In 1817, the first of many Marathi to English book translations was published, and the first Marathi newspaper was started being put into distribution in 1835. Many books in this period were based around and specifically on social reforms.
As Marathi constructed drama gained popularity and fans, the Marathi language grew as well. Musicals known as Sangeet Natak also started to become more ubiquitous. Amongst all of this, the father of modern Marathi poetry, Keshavasut wrote and published his first poem in 1885.
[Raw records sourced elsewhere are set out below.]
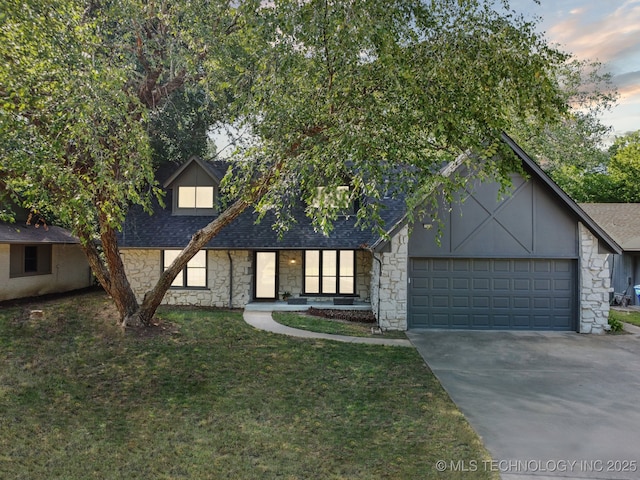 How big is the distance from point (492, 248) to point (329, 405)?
7.82m

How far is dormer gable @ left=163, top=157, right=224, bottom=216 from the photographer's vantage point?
14.7 m

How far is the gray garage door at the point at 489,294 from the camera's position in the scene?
11734 mm

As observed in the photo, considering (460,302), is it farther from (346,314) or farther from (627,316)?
(627,316)

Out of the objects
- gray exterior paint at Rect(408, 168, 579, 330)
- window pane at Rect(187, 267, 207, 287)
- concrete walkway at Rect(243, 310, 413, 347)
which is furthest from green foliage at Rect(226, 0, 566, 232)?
window pane at Rect(187, 267, 207, 287)

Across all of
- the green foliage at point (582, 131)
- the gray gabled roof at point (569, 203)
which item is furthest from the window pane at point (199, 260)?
the green foliage at point (582, 131)

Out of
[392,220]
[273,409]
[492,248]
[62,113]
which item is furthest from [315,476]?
[392,220]

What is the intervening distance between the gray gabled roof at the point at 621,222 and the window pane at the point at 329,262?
42.1 feet

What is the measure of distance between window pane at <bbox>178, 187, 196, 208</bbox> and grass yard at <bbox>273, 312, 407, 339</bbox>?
582 cm

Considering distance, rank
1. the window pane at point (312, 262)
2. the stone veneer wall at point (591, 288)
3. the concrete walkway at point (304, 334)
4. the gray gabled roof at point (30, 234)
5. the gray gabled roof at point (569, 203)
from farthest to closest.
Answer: the window pane at point (312, 262) < the gray gabled roof at point (30, 234) < the stone veneer wall at point (591, 288) < the gray gabled roof at point (569, 203) < the concrete walkway at point (304, 334)

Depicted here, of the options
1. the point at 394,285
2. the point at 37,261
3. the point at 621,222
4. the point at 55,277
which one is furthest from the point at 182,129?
the point at 621,222

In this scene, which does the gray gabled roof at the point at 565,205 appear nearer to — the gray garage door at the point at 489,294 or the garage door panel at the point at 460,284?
the gray garage door at the point at 489,294

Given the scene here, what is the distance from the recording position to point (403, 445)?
16.7ft

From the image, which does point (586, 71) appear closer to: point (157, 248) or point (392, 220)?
point (392, 220)

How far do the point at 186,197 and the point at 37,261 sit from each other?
699 cm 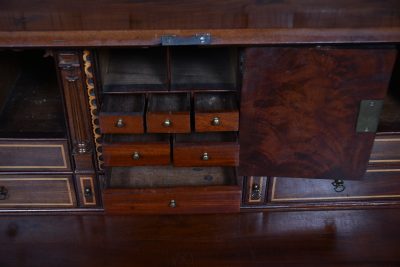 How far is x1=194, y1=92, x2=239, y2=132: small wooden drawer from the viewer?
3.63 ft

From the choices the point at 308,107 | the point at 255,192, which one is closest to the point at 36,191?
the point at 255,192

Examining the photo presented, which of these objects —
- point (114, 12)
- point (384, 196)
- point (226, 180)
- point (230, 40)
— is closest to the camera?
point (230, 40)

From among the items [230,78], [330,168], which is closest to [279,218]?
[330,168]

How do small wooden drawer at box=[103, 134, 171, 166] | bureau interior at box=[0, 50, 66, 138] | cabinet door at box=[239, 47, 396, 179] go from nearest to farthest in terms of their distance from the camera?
1. cabinet door at box=[239, 47, 396, 179]
2. small wooden drawer at box=[103, 134, 171, 166]
3. bureau interior at box=[0, 50, 66, 138]

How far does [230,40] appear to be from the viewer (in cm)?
103

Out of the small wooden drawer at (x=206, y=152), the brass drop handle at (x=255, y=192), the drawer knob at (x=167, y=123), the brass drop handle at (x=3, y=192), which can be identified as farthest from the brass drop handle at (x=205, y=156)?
the brass drop handle at (x=3, y=192)

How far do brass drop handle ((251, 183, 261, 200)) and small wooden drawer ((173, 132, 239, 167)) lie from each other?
0.63 ft

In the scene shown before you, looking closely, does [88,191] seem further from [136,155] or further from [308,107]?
[308,107]

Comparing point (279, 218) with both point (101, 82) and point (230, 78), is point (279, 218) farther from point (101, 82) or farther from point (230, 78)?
point (101, 82)

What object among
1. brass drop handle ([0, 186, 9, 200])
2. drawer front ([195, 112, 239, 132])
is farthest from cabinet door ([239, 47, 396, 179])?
brass drop handle ([0, 186, 9, 200])

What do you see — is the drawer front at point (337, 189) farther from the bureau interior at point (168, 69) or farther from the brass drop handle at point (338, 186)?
the bureau interior at point (168, 69)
The beginning of the 20th century was an exciting time across the world and in India the new technology and innovation was celebrated with new enthusiasm. Literary pursuits increased, as socio-political activism had helped to achieve major milestones in Marathi music, literature, drama and film.
Marathi grammar has clear similarities thanks to its proximity to the other variations of modern Indo-Aryan languages such as Punjabi, Gujarati and Hindi. The first modern book that dealt with and concerned the languages Grammar was printed in 1805 by William Carey.
The grammatical rules that were set out and described by Maharashtra Sahitya Parishad and trumpeted by the Maharashtra Government are meant to take primacy in usual written Marathi. Traditions of Marathi Linguistics and the aforementioned and stated rules give special status to ‘Tatsam’ or ‘Without Change’ words adapted from the Sanskrit language.
Over many centuries the Marathi language came into contact with other languages and dialects. The primary influence of Maharashtri, Prakrit, Apabhraṃśa and Sanskrit is understandable. At least half of the words in Marathi are either taken or derived from Sanskrit.
Marathi has also shared vocabulary, directions and grammar with languages such as Indian Dravidian languages, and some foreign languages like Arabic, Persian, English and some Portuguese.